Imagine skimming along at 13,000 feet, an undulating path underfoot. You're alone, above timberline, above the urban fray of political bullshitters, tedious Face-bookers and mass murdering psychopaths...above all the sordid megalomanic news of corporate greed and corruption. I tell ya, folks, now more than ever, depleted spirits cry out in desperate need of a wilderness recharge. Nothing—not drugs, alcohol or money—fills empty vessels with peace and contentment quite like a lonely alpine trail.


This time, Bobbie and I want to go somewhere less popular than Highland Mary Lakes...someplace empty of 8 passenger SUVs and plebeian Motor-heads revving ATVs.


Minnie Gulch is such a place, wallflower enough to fend off advances, yet easy on the eye and soul. Absent fanciful lakes and lore, mythos and pathos, people and machines; just a lonely above-timberline trail with restorative unbridled vistas.  



Some might find Minnie Gulch unremarkable, especially this time of year toward summer's demise when tundra undergoes its annual metamorphosis from verdant green to flaxen gold. 


After a couple gentle miles, Minnie Gulch intersects the CDT (Continental Divide Trail). Cool, maybe we'll run into some thru-hikers. I don't count thru-hikers invaders of solitude. On the contrary, they are fellow seekers of solitude. 

After intersecting the CDT, we couldn't decide whether to go left or right. Both directions rose to lofty ridge lines that appeared to offer great views into places we had yet to rest our eyes. We decided to do a both, first heading southwest Molas Pass-bound segment, then doubling back to explore the CDTs northeast toward Handies, Redcloud and Sunshine Peaks.  

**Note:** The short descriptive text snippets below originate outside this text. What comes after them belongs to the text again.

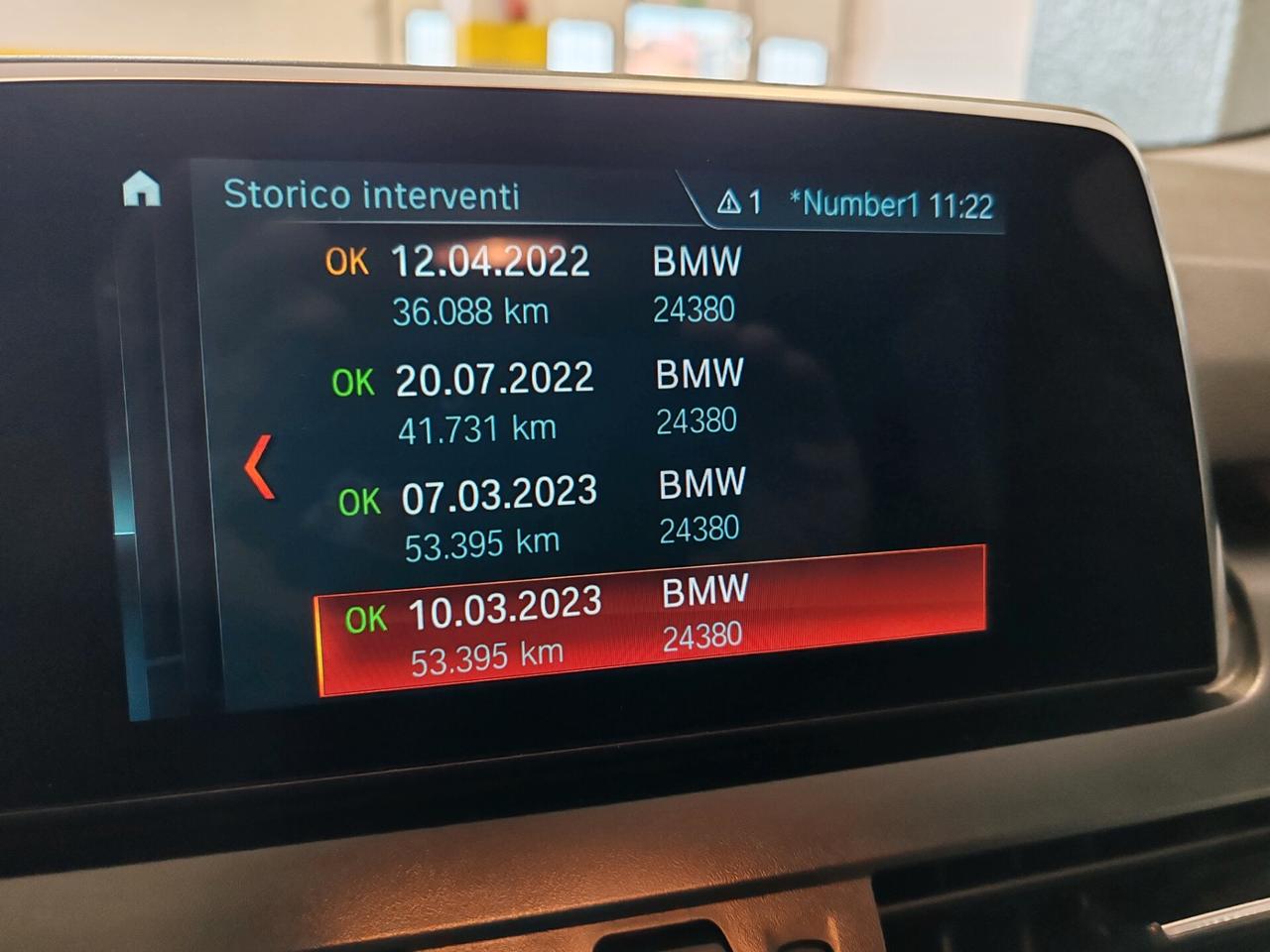 Bmw 216 d Active Tourer Cambio Aut. Restyling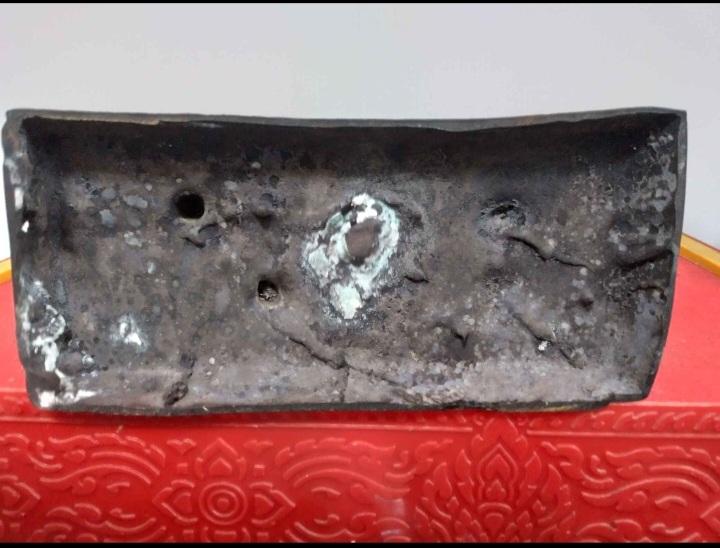 พระบรมรูปทรงม้าฐานยาว7นิ้วสูง11นิ้ว รูปที่ 3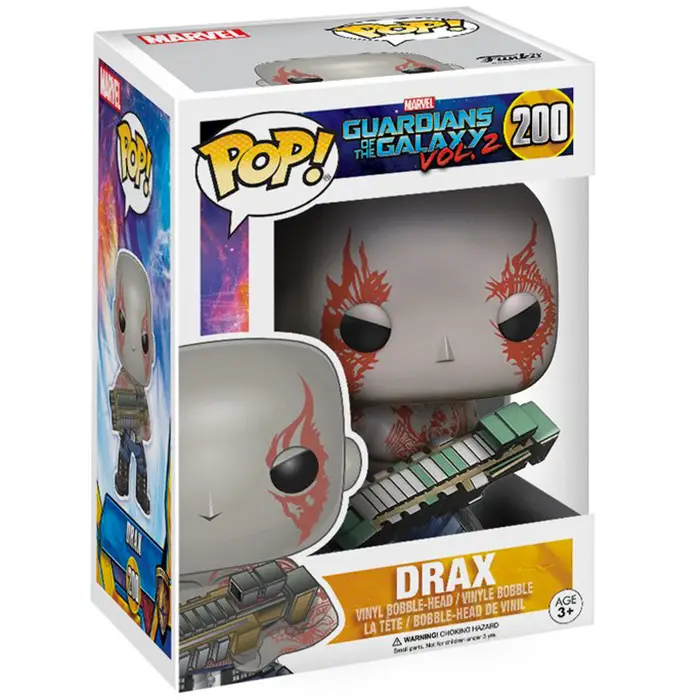 Figurine pop Drax - Les Gardiens de la Galaxie 2 - 2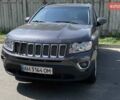 Сірий Джип Compass, об'ємом двигуна 2 л та пробігом 73 тис. км за 9600 $, фото 1 на Automoto.ua
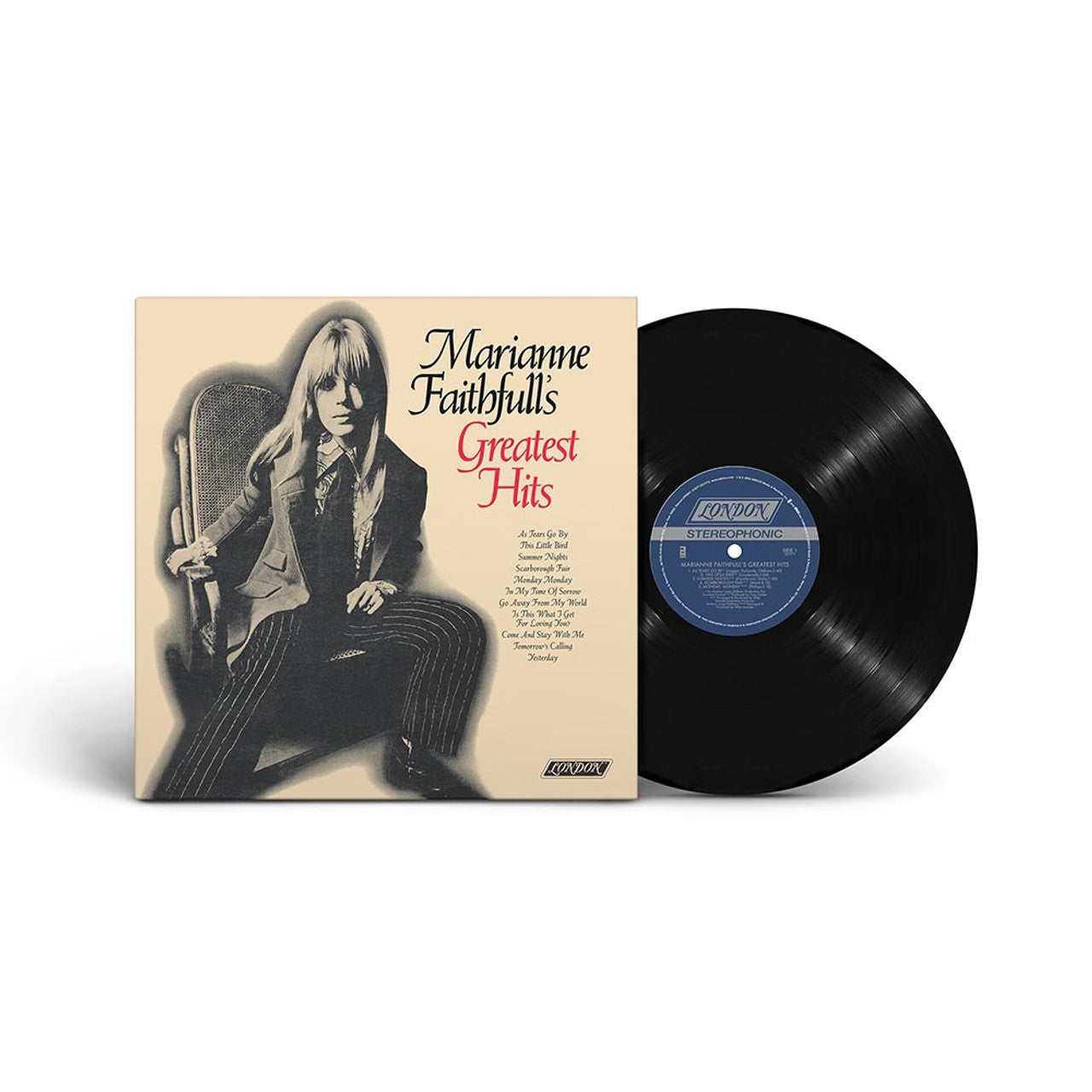 Marianne Faithfull - Marianne Faithfull's Greatest Hits - VINYL
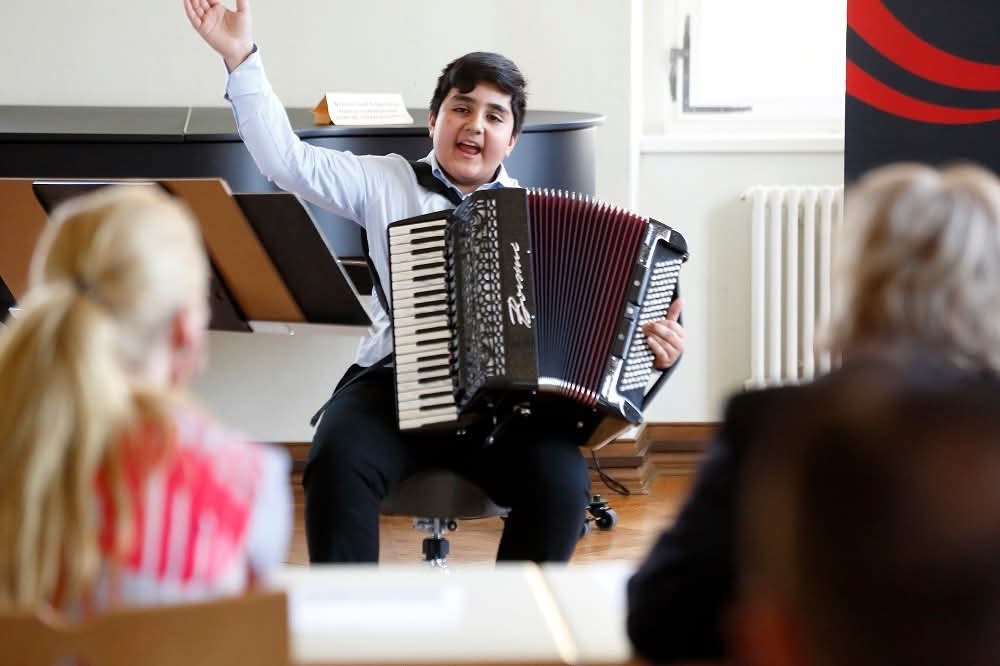 Erfolg bei „Jugend musiziert“ – Harun im Interview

In all we met and talked to 5 hikers and one Bike-Packer (a seventh had earbuds in place and offered only a don't-bother-me nod). Otherwise, everybody else seemed to be in desperate need of conversation, most having been out since early July. 

All had harrowing, wide-eyed weather stories...wind, rain, hail, snow and, of course, lightning. There are few places to hide above timberline, so if it's adventure you seek, the CDT should fill the bill. In such life and death situations regarding lightning, it helps to repeat the following mantra: The magic in life takes place at the edges of one's comfort zone.  





















We met the Bike-Packer pushing his bike up a grade too steep to pedal. He was from Mancos, and it was immediately apparent: there's no room for superfluous luxuries when Bike-Packing. Look how light he's traveling. Does he even have a sleeping bag in there? A tent? I'm impressed with his frugality.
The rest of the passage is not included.